The New York Times reports:

Defense Secretary Robert M. Gates has warned in a secret three-page memorandum to top White House officials that the United States does not have an effective long-range policy for dealing with Iran’s steady progress toward nuclear capability, according to government officials familiar with the document. … One senior official, who like others spoke on the condition of anonymity because of the sensitive nature of the memo, described the document as “a wake-up call.” But White House officials dispute that view, insisting that for 15 months they had been conducting detailed planning for many possible outcomes regarding Iran’s nuclear program.

There seem to be some, but certainly not all, within the administration who recognize the Obami have failed to come up with a strategy commensurate with the danger posed by a nuclear-armed Iran or realistic about the nature of the Iranian regime:

In an interview on Friday, General Jones declined to speak about the memorandum.
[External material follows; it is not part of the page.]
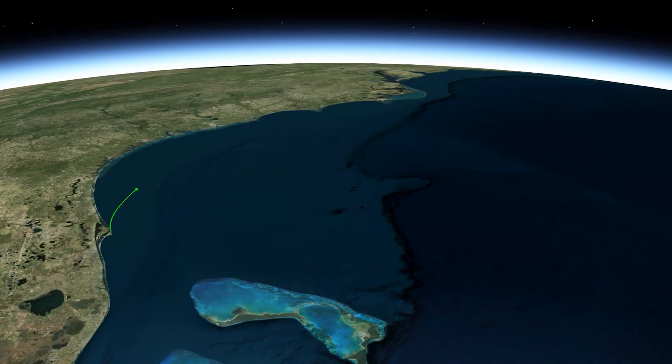Kuiper Sat-1 and Kuiper Sat-2 are prototype satellites for Amazon's Project Kuiper, a low-Earth-orbit satellite network that will provide fast, affordable broadband to unserved and underserved communities around the world.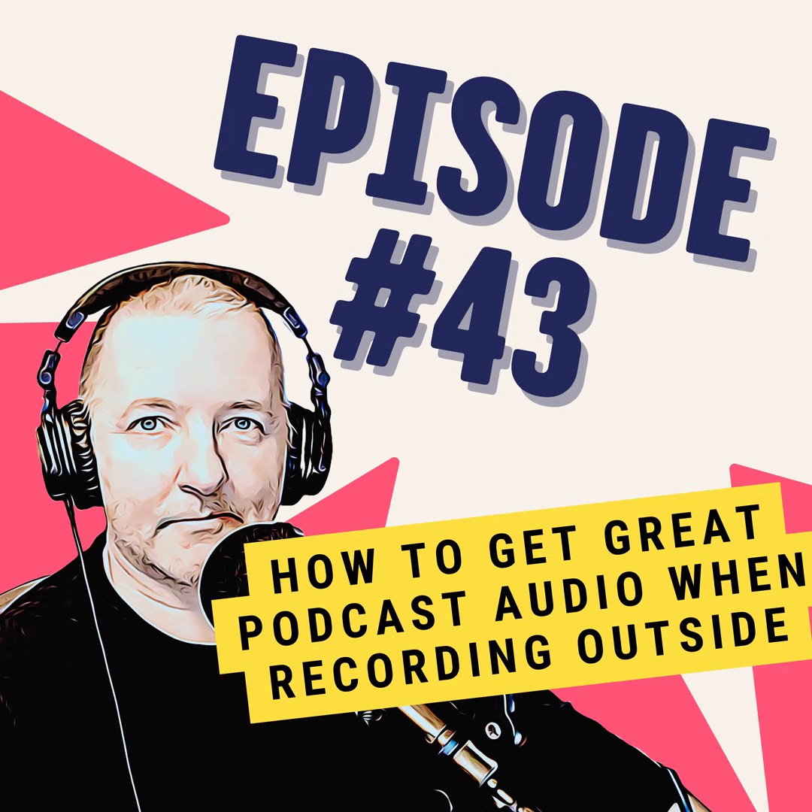Respect the environment. If it's windy, turn the mics away from the wind and focus on picking up as much of the speaker as possible. Use a windscreen too, to help block out any wind or other ambient noises.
But he said: “On Iran, we are doing what we said we were going to do. The fact that we don’t announce publicly our entire strategy for the world to see doesn’t mean we don’t have a strategy that anticipates the full range of contingencies — we do.”
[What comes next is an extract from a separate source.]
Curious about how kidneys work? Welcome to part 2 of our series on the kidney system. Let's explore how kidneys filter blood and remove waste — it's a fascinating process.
But in his memo, Mr. Gates wrote of a variety of concerns, including the absence of an effective strategy should Iran choose the course that many government and outside analysts consider likely: Iran could assemble all the major parts it needs for a nuclear weapon — fuel, designs and detonators — but stop just short of assembling a fully operational weapon.

Really, it’s jaw-dropping that, at this stage, Gates must sound the alarm, reminding everyone that nothing they’ve done so far has or is likely to work. Indeed, it’s hard to see how what the Obami are presently doing won’t impair those military options. After all, Obama is giving the Iranians cover to move ahead with their nuclear program while the UN dithers over negotiations about ineffective sanctions. The problem, we must conclude, is Obama, himself, who seems blissfully unaware of his own inadequate and misguided efforts. (“Some officials said his memo should be viewed in that light: as a warning to a relatively new president that the United States was not adequately prepared. He wrote the memo after Iran had let pass a 2009 deadline set by Mr. Obama to respond to his offers of diplomatic engagement.”)

The Obami seemed unprepared for the failure of engagement last year and are only now working on a sanctions effort; Gates’ memo suggests we are now no more prepared for what is in all likelihood the outcome of the next round of dithering: an Iranian regime undeterred from pursuing its nuclear ambitions. As the Times notes, “Mr. Gates’s memo appears to reflect concerns in the upper echelons of the Pentagon and the military that the White House did not have a well-prepared series of alternatives in place in case all the diplomatic steps finally failed.” There is no greater national-security challenge than the threat of a nuclear-armed, revolutionary Islamic state. And the president is failing to address it, as his defense secretary warns. The American people and history will judge Obama accordingly.